Detailed Description
The technical result of the present invention will be described in detail below with reference to the accompanying drawings.
As shown in fig. 1, the invention provides an e-commerce water military identification method based on interval segmentation, and the idea is as follows:
(1) and data storage is carried out by adopting triple storage. Since the user scoring matrix has the problem of sparse distribution, a data structure G of a triplet is defined as { i, α, r }, i, α, r sequentially represents a user, a commodity and a score. One triple data represents a behavior that a user carries out scoring once, and the data storage structure is constructed so that all scoring behaviors can be covered by smaller data storage amount;
(2) the mean and variance of the historical scores of the goods are calculated. The scoring of the commodity is assumed to be in accordance with normal distribution, and the mean value and the variance are calculated to facilitate data standardization;
(3) the scoring matrix is normalized by the Z-score method.
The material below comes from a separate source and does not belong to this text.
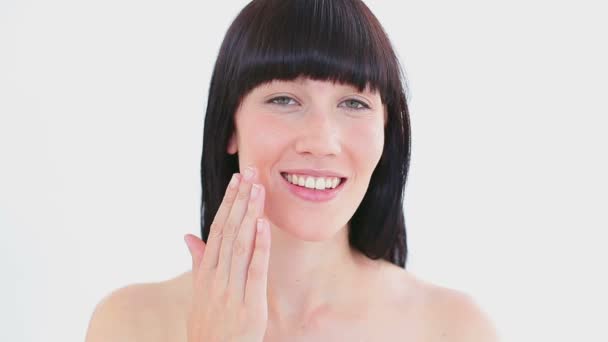 Sorrindo mulher massageando sua bochecha — Vídeo de Stock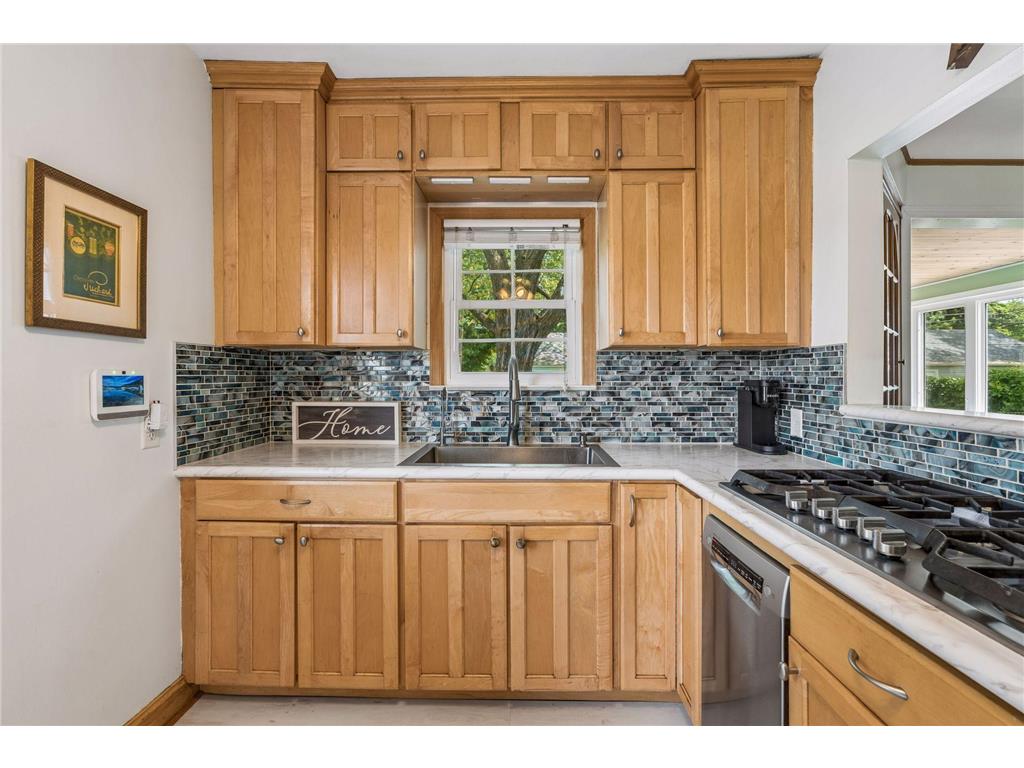 3301 Brownlow Avenue Saint Louis Park MN 55426 7083027 image7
Carrying out normalization processing on the score matrix by using the mean value and the variance of the historical scores by adopting a Z-score method so as to carry out further processing in the following;
(4) and classifying the user scores. The normalized score is subject to standard normal distribution, 68.268949% of the area under the function curve is within a standard deviation range around the average value, if the normalized score is in [ -1,1], the score is a correct score, otherwise, the score is an incorrect score;
(6) and calculating the accuracy of the user score. According to the rationality of the user scoring, counting the times of correct scoring and the times of incorrect scoring of the user, and further calculating the correct rate of the user scoring;
(7) and calculating the sum of the scoring distances of the users. And (4) based on the step (2), calculating the sum of the distances from the user score to the correct scoring interval by using the normalized score. The larger the sum of the scoring distances is, the more unreliable the user score is;
(8) calculate the worst of the user's scores. Based on the step (2), calculating the user score range according to a range formula, wherein the user score range is one of evaluation indexes of the user credit;
(9) and calculating the user reputation. Since the user scores are unreasonable but the sum of the scoring distances is still small, the user scores need to be corrected by using the accuracy and range of the user scores, and the sum of the user scores is combined with the accuracy and range to serve as the reputation of the user.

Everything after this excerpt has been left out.